According to Lokkesmoe, state statutes always have specified the counties held primary responsibility for funding MHB, but allowed the counties to seek additional funding from federal, state or other grant or donation sources.

MHB is about the last project the state has cut from its funding programs of this type, Lokkesmoe states in his letter. That $130,000 annual state allocation can be expected to disappear this year, he predicted.

Each of the eight member counties would have to find $16,250 not currently in the 2003 budgets to fund MHB at the level the state allocation has, he said.

MHB could continue to function without a staff or budget by member counties taking turns arranging for MHB's monthly meetings to manage provisions of the MHB plan and ordinance and consider individual variance applications to change from land uses allowed it, Lokkesmoe indicated.

MHB could not just exist on paper without the board holding regular meetings, he said.

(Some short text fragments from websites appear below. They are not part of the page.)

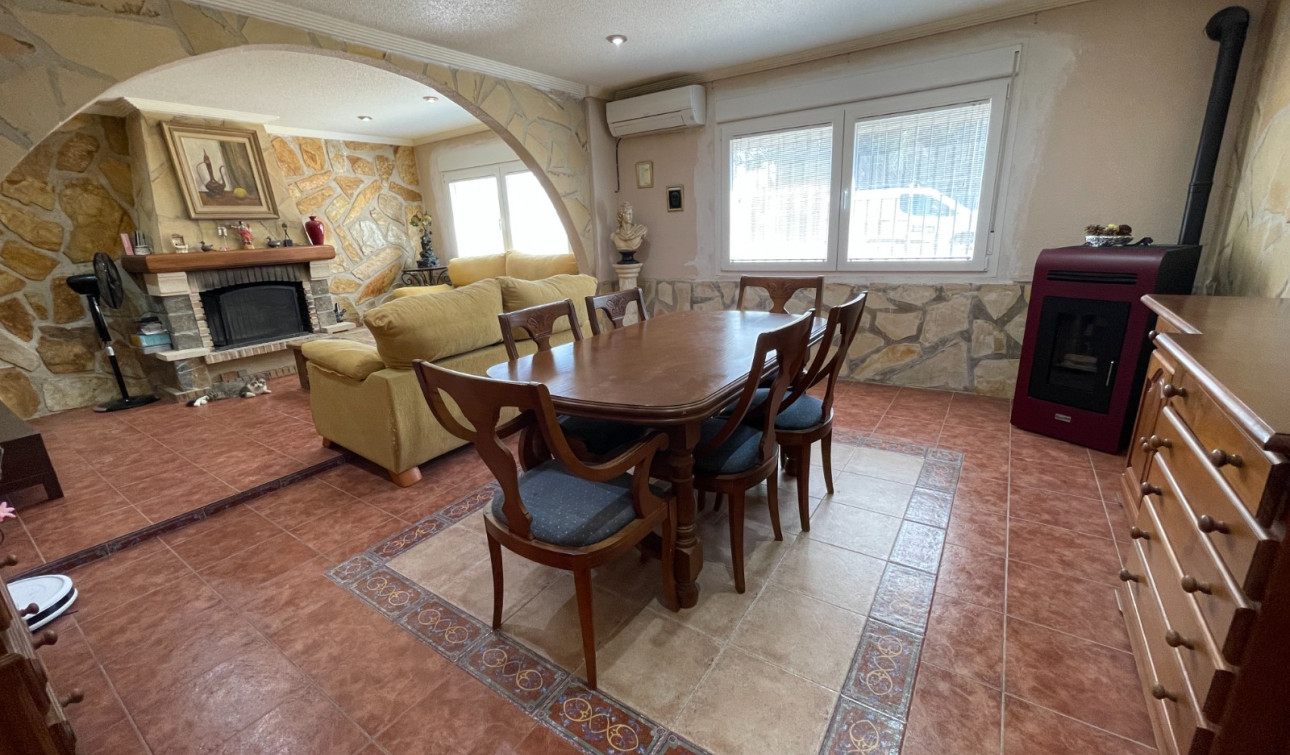 Resale - Detached Villa - Crevillente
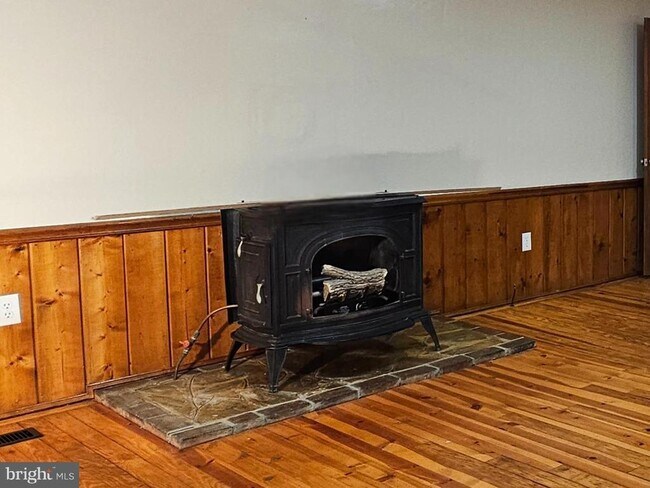 Building Photo - 310 Blue Mountain Rd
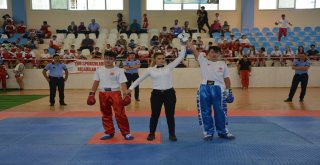 15 Temmuz Şehitleri Anısına Düzenlenen Kick Boks Şampiyonası Başladı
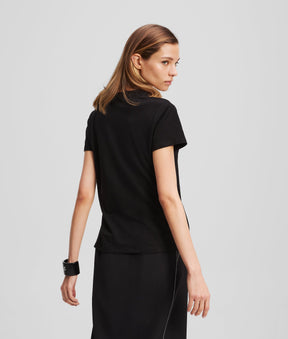 SIGNATURE V-NECK T-SHIRT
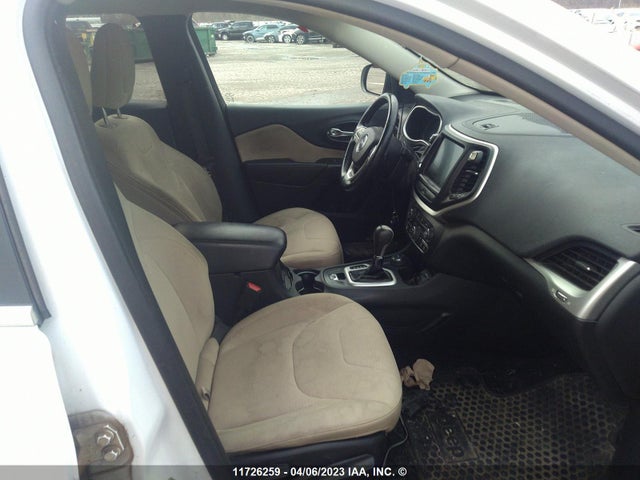 1C4PJMCB2FW588246 Jeep Cherokee Latitude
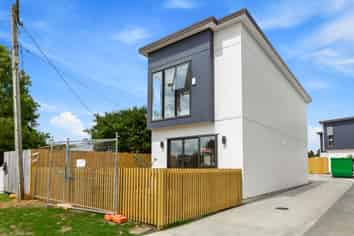 20A Fairdene Avenue, Henderson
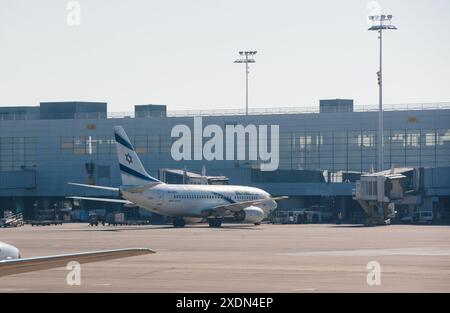 Bâle, Suisse - 2 octobre 2015 : El Al Boeing 737-800 code d'immatriculation de l'avion 4X-EKE sur le tarmac d'un aéroport, avec bâtiments terminaux et grou Banque D'Images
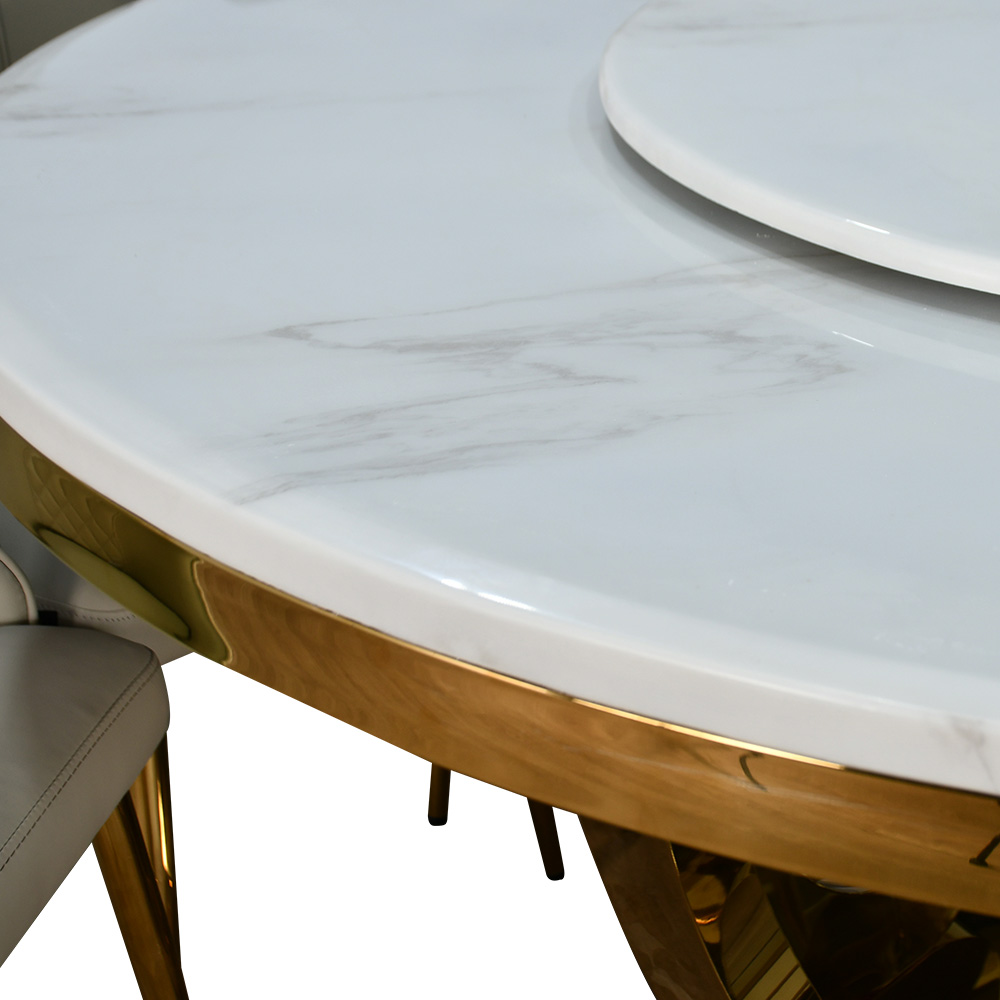 طاولة طعام مع كراسي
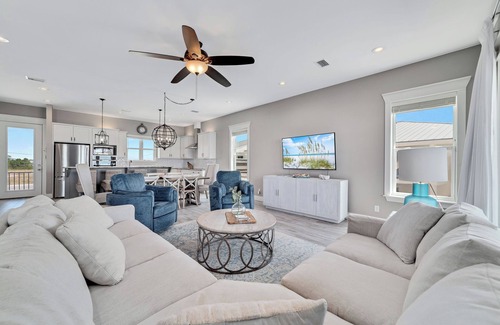 Ono Island Casa | "Sandy Feet Retreat" a Luxury Beachfront Home | Private Pool | Beach Getaways
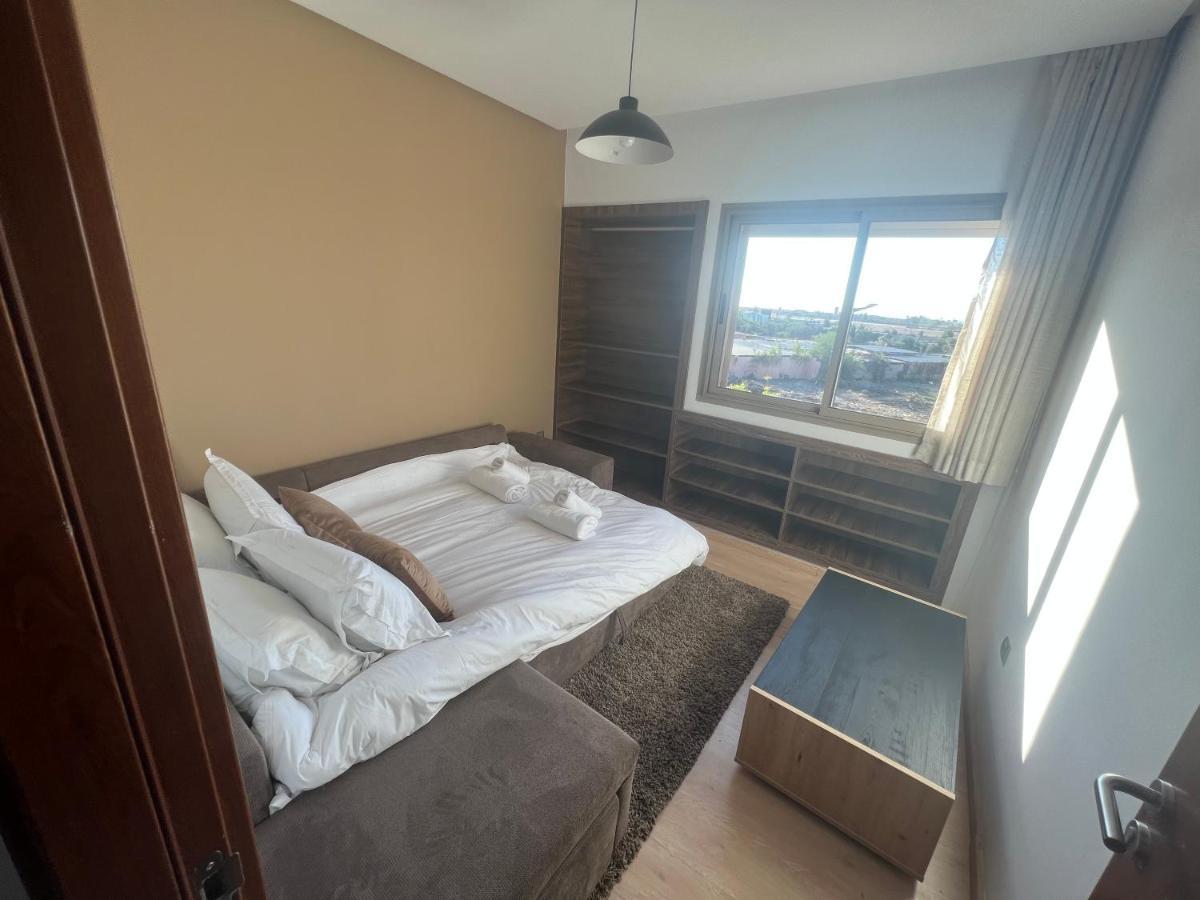 Superbe Appartement, Vue Sur Golf, Piscine Et Atlas マラケシュ エクステリア 写真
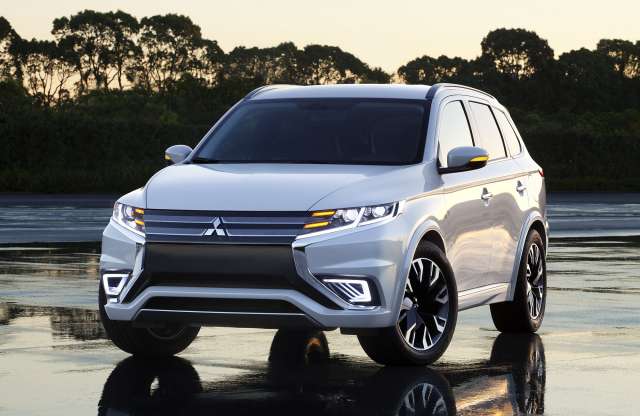 Arcot kap a konnektoros Mitsubishi SUV: Outlander PHEV Concept-S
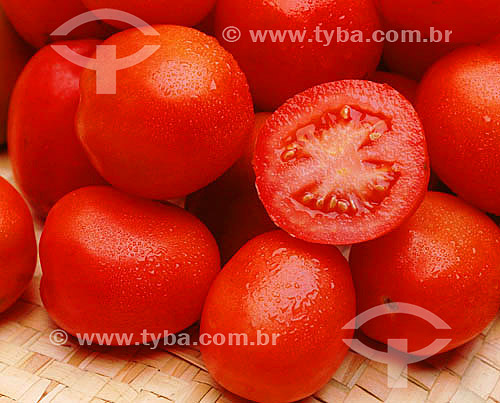  Tomatoes 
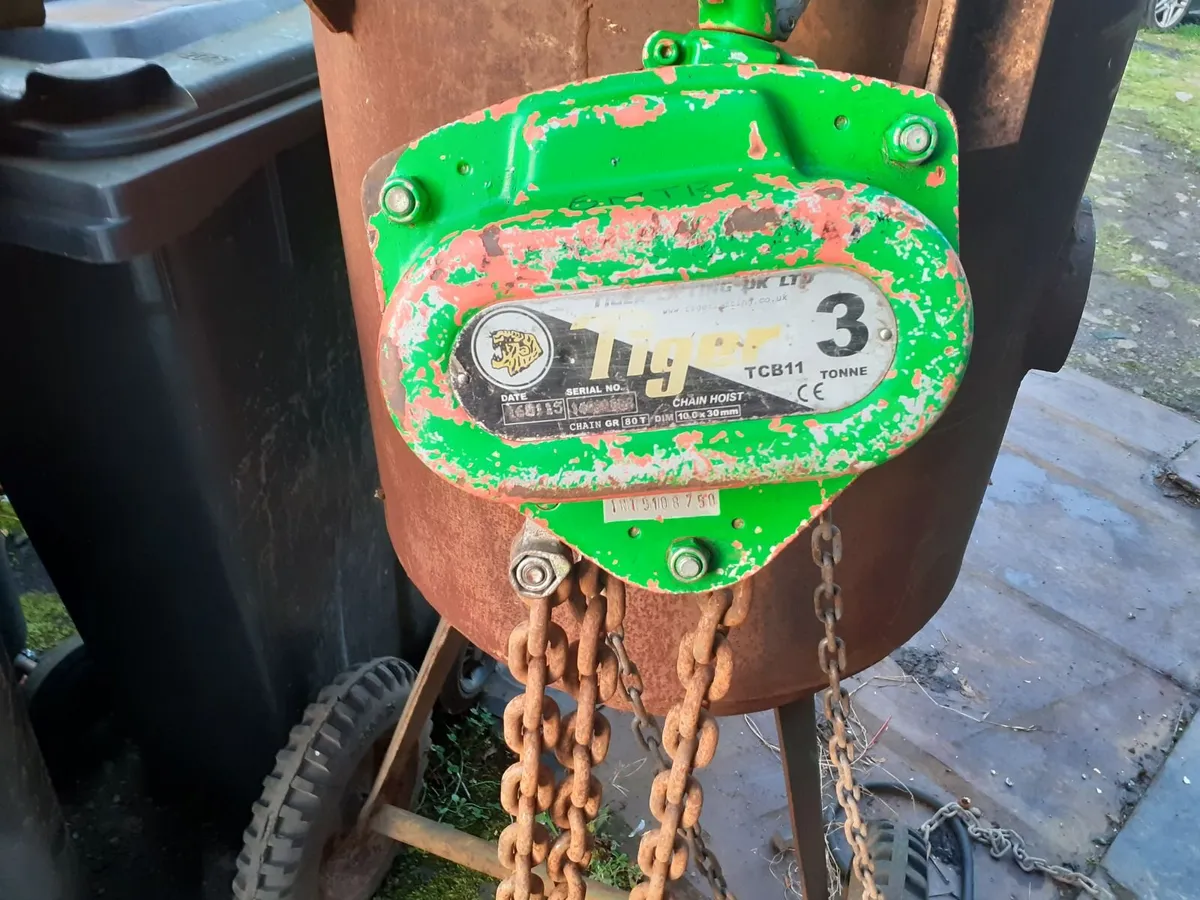 BLOCK AND TACKLE 3 TONNE - Image 1
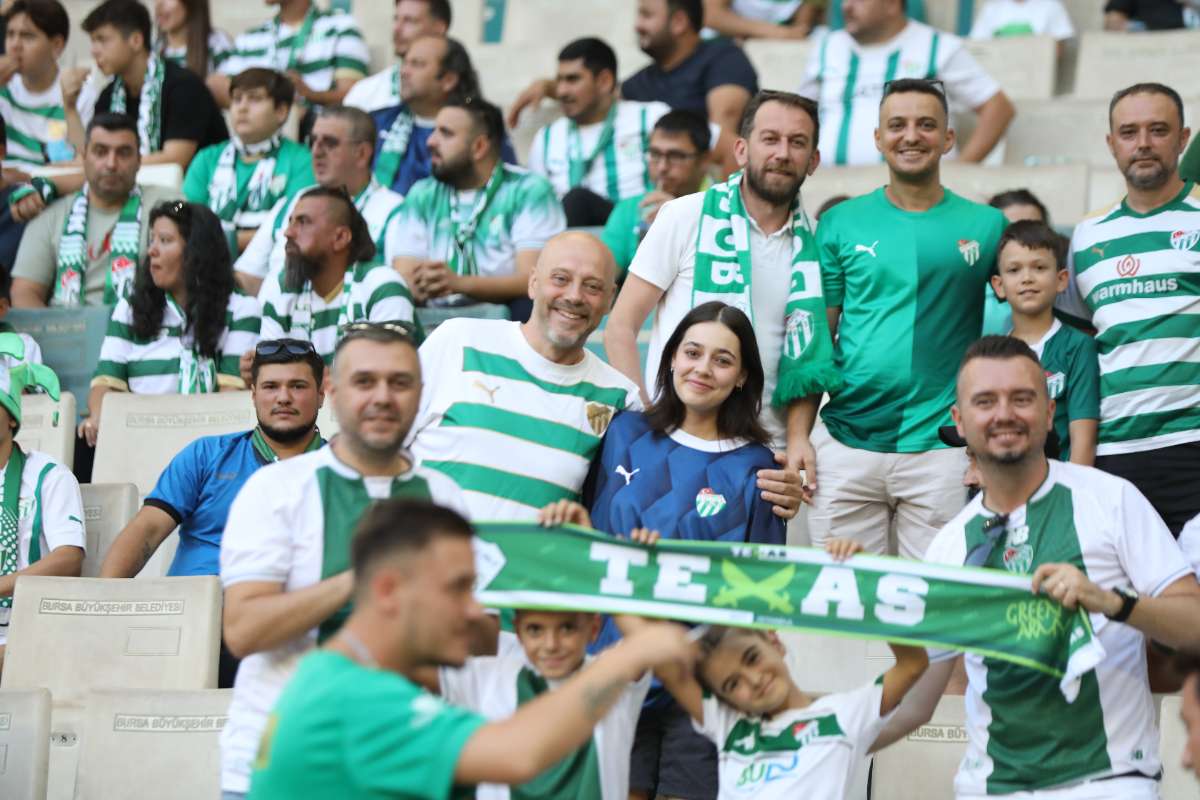 (FOTO GALERİ) Bursaspor-Eskişehirspor Dostluk Maçı Taraftar Fotoğrafları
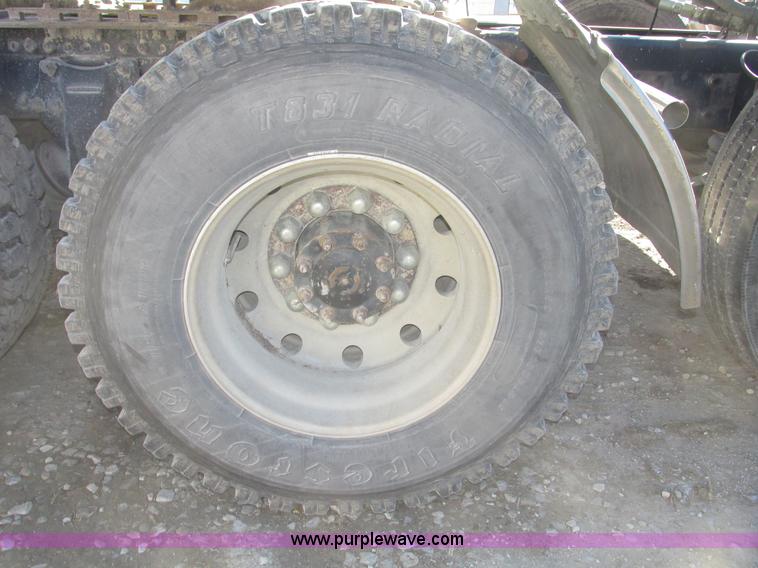 image for item G9838 1994 Freightliner FLD120 semi truck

If any or all member counties withdrew from MHB, land management along that portion of the river would transfer to the DNR, but still be managed under the MHB ordinance, Lokkesmoe indicated. That river portion would transfer to the state's Wild and Scenic River System.

The Legislature could repeal the MHB statute, leaving counties to manage the land under county zoning ordinances. However, Lokkesmoe indicates this would be inconsistent with state and federal recognition of the area as one needing special protection.

It likely would renew congressional interest in passing federal legislation to designate the Upper Mississippi as a federal Wild and Scenic Area. Both houses of Congress and the president would have to approve the change.

MHB could be abolished and the DNR manage the river shoreline under the MHB ordinance without county involvement.

"DNR is interested in conferring with the MHB and each of its member counties as these options, and possibly others, are explored," Lokkesmoe said.